Sebagai gantinya, saya mengajaknya memasukkan kwetiau kering ke dalam air yang
telah mendidih. “Hati-hati, airnya panas, lho,” saya mengingatkan.
Setelah kwetiau lunak dan
ditiriskan, saya membagi tugas kepada anak saya, “Kamu tuangkan kecap ke
kwetiau. Yang rata, ya.”
Sementara saya mengiris
bahan-bahan pelengkap kwetiau, anak saya sibuk menuang kecap dan mengaduk-aduk
kwetiau. Tentu saja, ayahnya turut membantu karena kwetiau yang dimasak cukup
banyak.
Setelah itu, saya memintanya
mengambil telur dari dalam lemari es dan mengocok telur dengan garpu.

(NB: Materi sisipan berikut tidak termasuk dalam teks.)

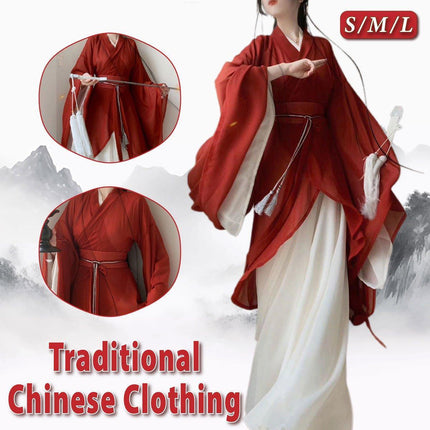 Womens Hanfu Wei Jin Style Big Sleeve Dress Northern Southern Dynasty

“Aku ambil kursi dulu, ya.
Aku pengen ngeliat,” kata anak saya.
Kemudian, ia menyeret sebuah kursi plastik ke depan kompor.
Setelah minyak di dalam
wajan panas, saya menuang racikan pelengkap kwetiau ke dalam wajan.
“Aku saja yang kocok,”
protes anak saya saat saya mengocok lagi telur sebelum telur dituang. Ia baru
tenang ketika diberi kesempatan mengocok lagi.
Setelah itu, bahan-bahan
pelengkap dituang bergiliran dan saya meminta anak saya mengaduk-aduk
kwetiau.
“Kalau ngaduk, sendok
kayunya menghadap ke bawah, bukan ke atas supaya telur dan sosinya tidak
terlempar ke luar wajan,” saran saya. Sesekali saya turun tangan
untuk membantu. Misalnya, ketika kwetiau rebus yang bergumpal masuk ke dalam
wajan dan membubuhi masakan dengan garam.

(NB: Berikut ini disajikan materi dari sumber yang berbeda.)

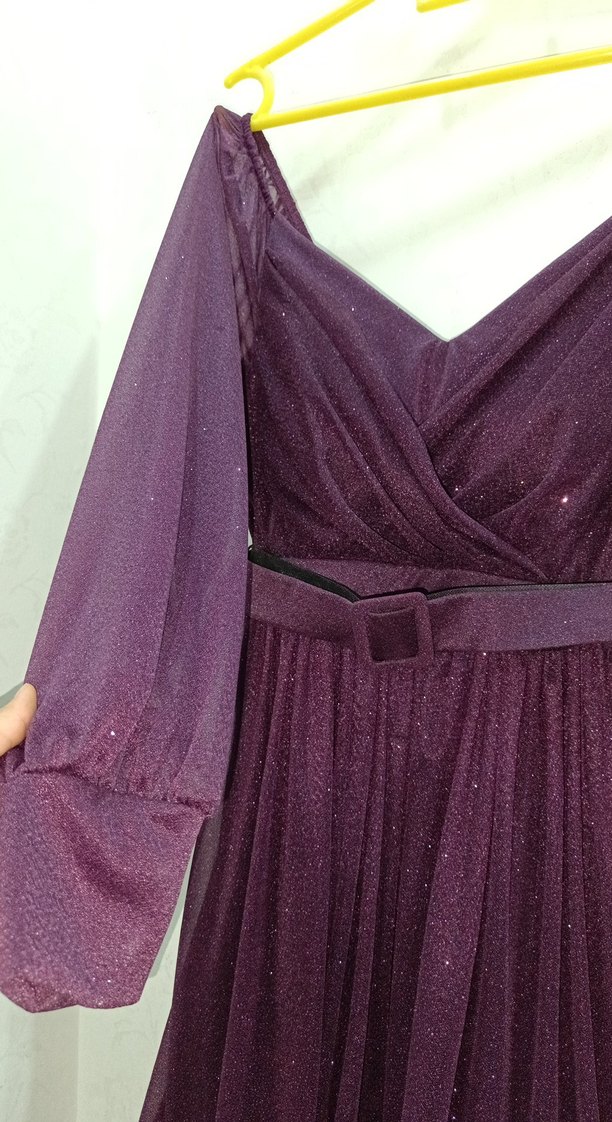 Mor Uzun Kollu Drapeli Kadın Abiye Elbise - Görsel 4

“Hati-hati, jangan terlalu
banyak. Nanti pedas, lho,” saya mengingatkan saat ia membubuhkan lada putih ke
atas masakan.
Kemudian, saya memintanya untuk mencicipi masakan kami. Dengan antusias, ia mengambil kwetiau dengan garpu. Saking antusias, ia tidak sabar saat harus menghembus-hembus kwetiaunya terlebih dulu agar cepat dingin.
Akhirnya, kwetiau goreng
buatan kami jadi.
“Aku jadi lapar,” celetuk
anak saya. Padahal, ia telah makan malam.
Saya memberinya sepiring
kecil kwetiau.
“Hm, enak, ya,” ia
berkomentar dengan bangga di sela-sela makannya.
Sejak anak saya kelas TK
Besar, saya sering mengajaknya memasak untuk mengisi waktu luang kami. Zuppa soup, kue kering, cupcake, kwetiau goreng, serta bihun
goreng adalah beberapa masakan yang telah kami coba masak bersama-sama.

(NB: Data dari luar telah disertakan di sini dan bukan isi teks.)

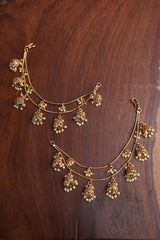 Two Layer Small Jhumkas Ear Chain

Selain membuat hubungan kami
lebih akrab, kami juga jadi belajar berkomunikasi yang baik saat memasak
bersama. Misalnya, ketika anak saya bersikeras ingin mengolah masakan dengan
caranya sendiri, saya harus tahu cara merespons dengan cara yang mudah ia
mengerti untuk menyelamatkan masakan kami.
Menurut ahli
pendidikan, anak juga dapat belajar banyak hal dari kegiatan memasak. Mengenal
jenis-jenis bahan makanan, mengukur takaran, mengenal macam-macam bentuk dan
rasa, serta melatih kesabaran saat memotong, mencetak, dan menunggu masakan jadi.
Dan yang tak kalah penting, anak jadi belajar untuk berusaha sebelum memetik
hasil serta bangga terhadap dirinya sendiri karena mampu berkreasi.